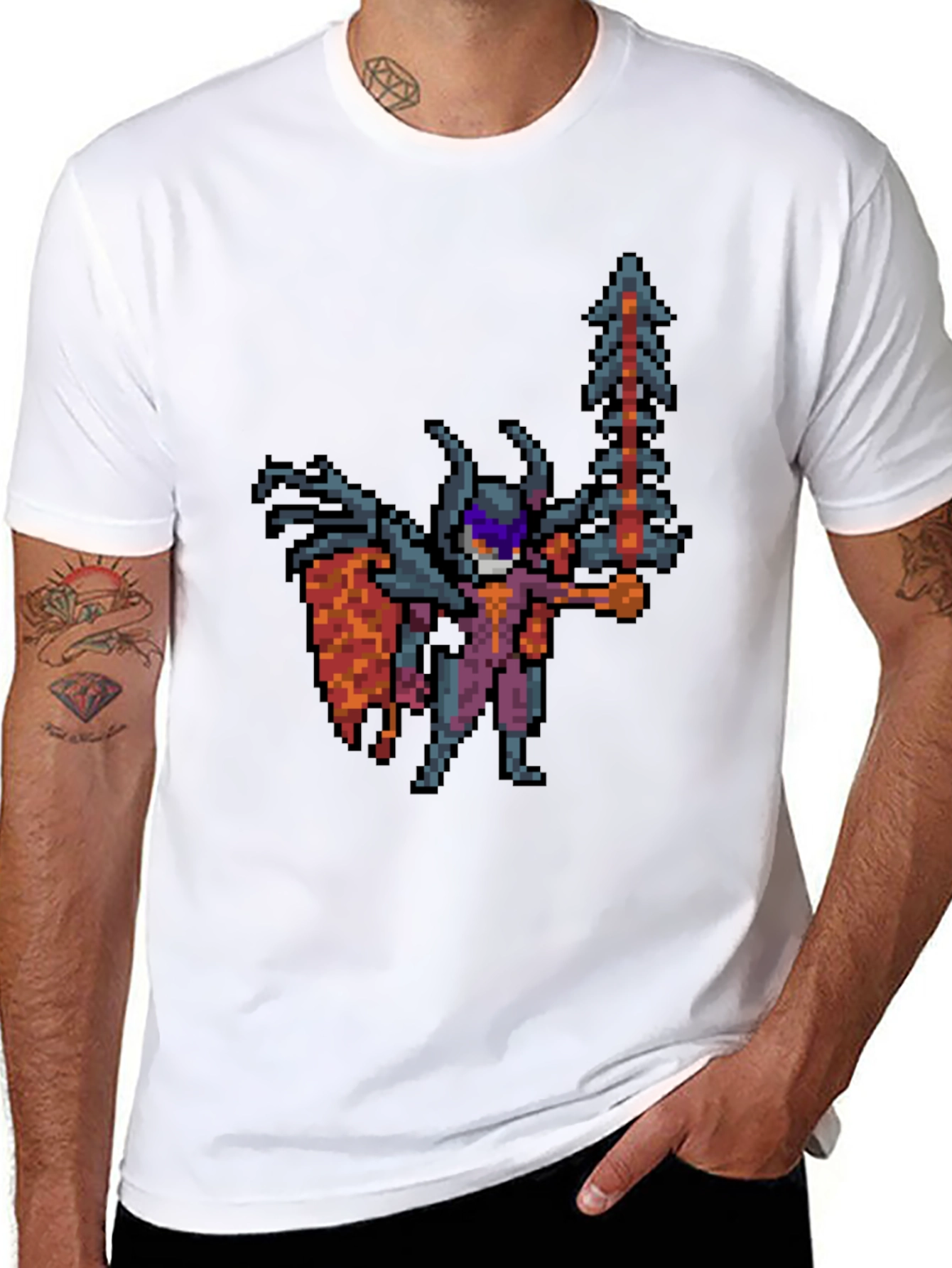 Pixel Art Warrior Black T-Shirt - Gaming Style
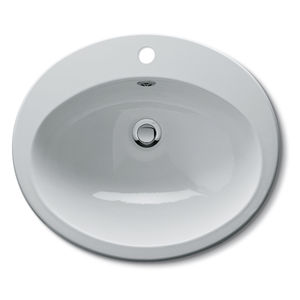 Einbauwaschbecken / oval / Keramik / klassisch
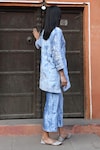 Shop_NUHH_Blue Velvet Embroidery Gardenia Stand Collar Aari Kurta With Pant _at_Aza_Fashions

## Task goal
Without including any images, output the data exactly as given.

## Solution for this problem
 Pixel Art Warrior Black T-Shirt - Gaming Style
 Einbauwaschbecken / oval / Keramik / klassisch
 Shop_NUHH_Blue Velvet Embroidery Gardenia Stand Collar Aari Kurta With Pant _at_Aza_Fashions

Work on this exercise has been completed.